To reduce the re-entry ratio ( $g_T$ , the probability of returning to the boundary):

A lightweight log-barrier regularizer is applied during early training.
This penalty increases as weights approach zero, creating an "outward drift" that pushes weights away from the sign boundary after they have moved into the outer region.

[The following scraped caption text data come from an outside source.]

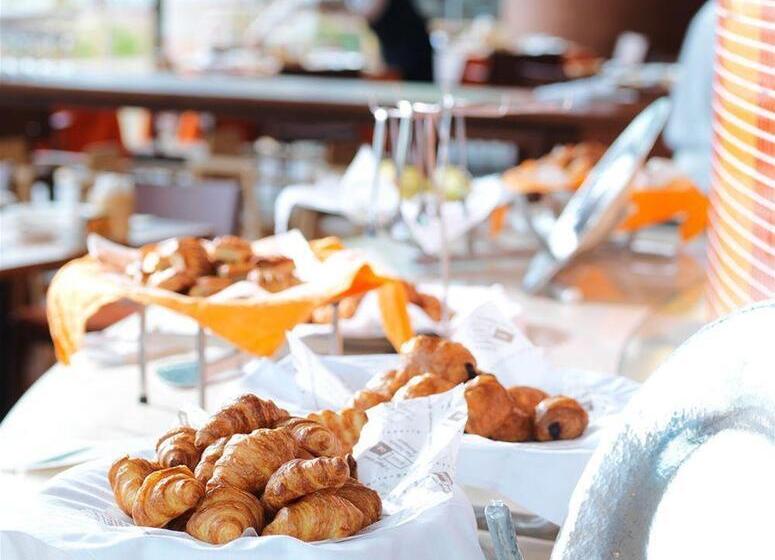 فندق Lake Akan Tsuruga Wings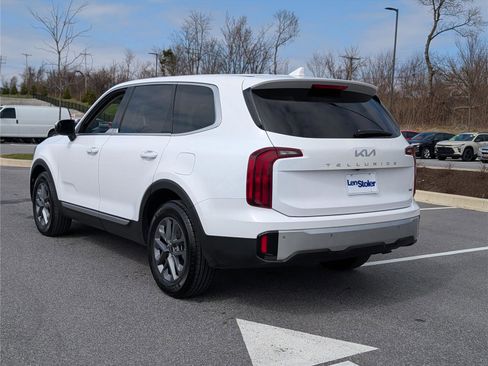 Used 2024 Kia Telluride LX image 3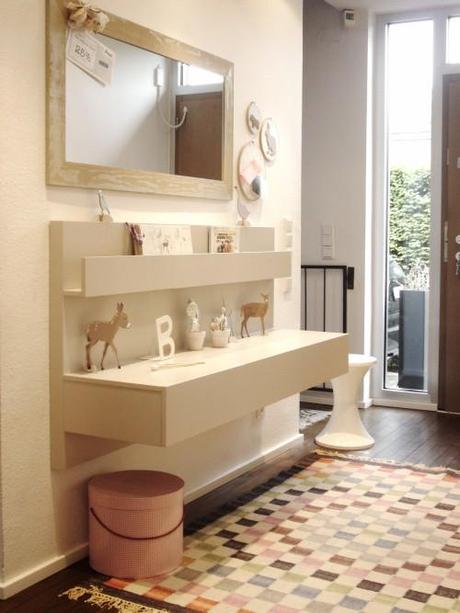 Cómo decorar un recibidor con mesitas de noche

C. Compressible Sign Template

Instead of learning arbitrary signs, the authors propose initializing weights with a low-rank sign template ( $T = \text{sign}(GH^\top)$ ).
By combining Gap Initialization and Outer-Drift Regularization, the model preserves this structured template throughout training.
Result: The sign pattern becomes deterministic and regenerable from a seed, effectively reducing the storage cost of signs to ~0 bits (only the seed and low-rank factors need storage).

4. Results

Flip Rate Reduction: The proposed methods reduce the effective sign flip rate to approximately $10^{-3}$ (0.1%) with only a negligible increase in perplexity (~1 point).
Compression Performance:
- Sub-bit Regime: In the sub-bit regime (effective bits per weight < 1), the proposed method (Sign Template + Magnitude SVD) significantly outperforms baselines like OneBit, HashedNets, and standard pruning.
- Perplexity/Accuracy: On language modeling (TinyLlama, CharLM) and classification (DBPedia) tasks, the method maintains performance comparable to full-precision or standard quantization models while achieving storage costs well below 1 bit/weight.
- Magnitude Preservation: The magnitude matrices remain highly compressible (low-rank), while the sign matrices become structured and compressible due to the enforced template.

5. Significance

Breaking the One-Bit Wall: This work provides the first theoretical and practical pathway to compress signs below 1 bit per weight, effectively removing the "fixed cost" barrier in sub-bit compression.
New Paradigm for Compression: It shifts the focus from treating signs as random noise to treating them as persistent dynamical variables that can be controlled and structured.
Theoretical Insight: The "Sign Lock-In" theory offers a novel stopping-time analysis of SGD, explaining why signs persist and how to manipulate this persistence. It connects optimization dynamics with random matrix theory and metastability.
Practical Impact: The proposed "Zero-Cost Sign Template" method enables the deployment of extremely small models (sub-bit) on edge devices without significant accuracy degradation, which is crucial for the future of efficient AI.

In summary, the paper demonstrates that signs are not random noise but persistent artifacts of initialization. By formalizing this via "Sign Lock-In" theory and introducing gap initialization and drift regularization, the authors successfully transform signs from a compression bottleneck into a controllable, compressible component.